I was going to go (E Tennessee), but the dire traffic forecasts have dissuaded me. I’ll be within 200 miles of the totality band tho. 2024 looks to be much easier for me, for various reasons (plus it’s about twice as long).

Yes, to Tennessee. Totality band but not the middle, enough to get 2 minutes of totality. Normally it would take 2.5 hours to drive there through back roads (no freeway). I was originally planning to get up early and drive, but given the dire predictions, I made a hotel reservation only 1/2 hour from there.

Drive back will probably be hell. I really don’t blame my wife for opting out of the trip.

No way in hell. We’re close enough in Portland and there was a 30 mile backup on one of the roads down there yesterday.

Yep. We’re driving to Evanstville, IN tomorrow, then will make our way to Clarksville early Monday morning. There’s no point in driving to the “almost” totality band. It’s totality or might as well stay home. It’s like getting to 99% of the way to an orgasm.

It isn’t about darkness in daytime, it is about this.

(Oh, and I can’t reply to the pole because “already there” isn’t an option.)

Nope. My gf’s total disinterest and my minimal interest means we have other plans.

I polled yes, but at this writing that’s still contingent on the weather outlook for the Kansas City MO region. I’ll be going full bugout mode: enough food, water and gasoline to last three days if need be.

You got it exactly! Which is why it’ll be a good bit of a letdown if there’s no clear view of the sun. The darkness isn’t the cool thing about a total solar eclipse (at least in my opinion.) It’s how the sun transitions from a sliver of a disk to complete darkness to then an explosion of a corona. I was totally unprepared for it the first time I saw it and it was the coolest fucking natural phenomenon I’ve ever witnessed.

Yes, but not the day of. We have an uncle who’s 25 miles from the band, so we’re going to his place to spend the night.

Well, I suppose technically we’ll be driving the short distance from his place to the band, but that’s a short distance, all on back roads, so we’re not worried.

I wasn’t going to, but Totality will be about 20 miles from me. Why not?

Probably not. The forecast of partly cloudy, possibility of thunderstorm has probably dissuaded me.

OP: You should have added an option: Depends on the weather forecast.

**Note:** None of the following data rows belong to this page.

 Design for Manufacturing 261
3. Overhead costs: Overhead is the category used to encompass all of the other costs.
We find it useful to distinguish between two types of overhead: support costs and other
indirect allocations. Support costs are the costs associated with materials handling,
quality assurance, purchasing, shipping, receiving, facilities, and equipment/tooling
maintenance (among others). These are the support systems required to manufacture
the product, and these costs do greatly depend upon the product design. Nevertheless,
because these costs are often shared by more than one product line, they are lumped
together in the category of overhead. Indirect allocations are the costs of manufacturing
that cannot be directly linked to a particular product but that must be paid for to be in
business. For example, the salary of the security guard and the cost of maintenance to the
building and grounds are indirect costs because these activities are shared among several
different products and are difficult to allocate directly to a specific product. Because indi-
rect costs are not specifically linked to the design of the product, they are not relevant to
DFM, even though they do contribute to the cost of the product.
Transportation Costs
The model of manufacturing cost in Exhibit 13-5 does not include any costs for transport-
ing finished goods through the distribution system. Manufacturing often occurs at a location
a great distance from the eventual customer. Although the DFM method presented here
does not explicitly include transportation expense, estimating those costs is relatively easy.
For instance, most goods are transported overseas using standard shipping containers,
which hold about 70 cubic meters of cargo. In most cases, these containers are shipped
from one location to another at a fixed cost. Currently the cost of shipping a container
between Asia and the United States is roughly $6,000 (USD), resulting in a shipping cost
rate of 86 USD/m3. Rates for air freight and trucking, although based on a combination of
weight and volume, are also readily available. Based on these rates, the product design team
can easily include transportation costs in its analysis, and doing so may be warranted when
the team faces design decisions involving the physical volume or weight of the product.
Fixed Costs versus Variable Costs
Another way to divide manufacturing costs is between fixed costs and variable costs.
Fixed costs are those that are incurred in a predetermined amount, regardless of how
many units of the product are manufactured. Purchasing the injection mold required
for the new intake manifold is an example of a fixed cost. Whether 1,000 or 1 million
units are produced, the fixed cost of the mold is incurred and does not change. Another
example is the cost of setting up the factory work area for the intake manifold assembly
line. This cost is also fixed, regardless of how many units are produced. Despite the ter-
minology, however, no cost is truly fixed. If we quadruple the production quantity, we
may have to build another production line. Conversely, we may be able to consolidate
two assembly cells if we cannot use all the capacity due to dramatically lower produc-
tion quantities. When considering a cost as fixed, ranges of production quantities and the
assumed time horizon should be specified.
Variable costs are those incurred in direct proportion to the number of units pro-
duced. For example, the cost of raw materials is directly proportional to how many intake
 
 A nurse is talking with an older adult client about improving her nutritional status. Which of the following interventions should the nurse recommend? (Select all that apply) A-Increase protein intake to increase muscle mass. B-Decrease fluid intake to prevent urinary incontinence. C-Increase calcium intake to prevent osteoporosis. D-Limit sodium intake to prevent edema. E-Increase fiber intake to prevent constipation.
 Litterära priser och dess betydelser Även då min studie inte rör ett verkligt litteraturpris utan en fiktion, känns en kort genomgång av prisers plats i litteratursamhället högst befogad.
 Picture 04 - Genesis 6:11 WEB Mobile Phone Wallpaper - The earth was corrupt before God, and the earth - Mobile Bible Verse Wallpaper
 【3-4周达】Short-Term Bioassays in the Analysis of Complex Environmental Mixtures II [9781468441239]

No. I can’t not hear about it right now, and regardless of my own interest level, the moment it begins there are going to be endless pictures and videos posted by literally everyone, everywhere, for days, weeks, months, even years afterwards. We’re all about to see it thousands of times over, no matter if we want to or not.

We’re driving 500 miles to the totality zone at the TN/KY border just to see it.

I saw the one in '7o, and seeing it in person is…special. Pictures and videos can’t come close.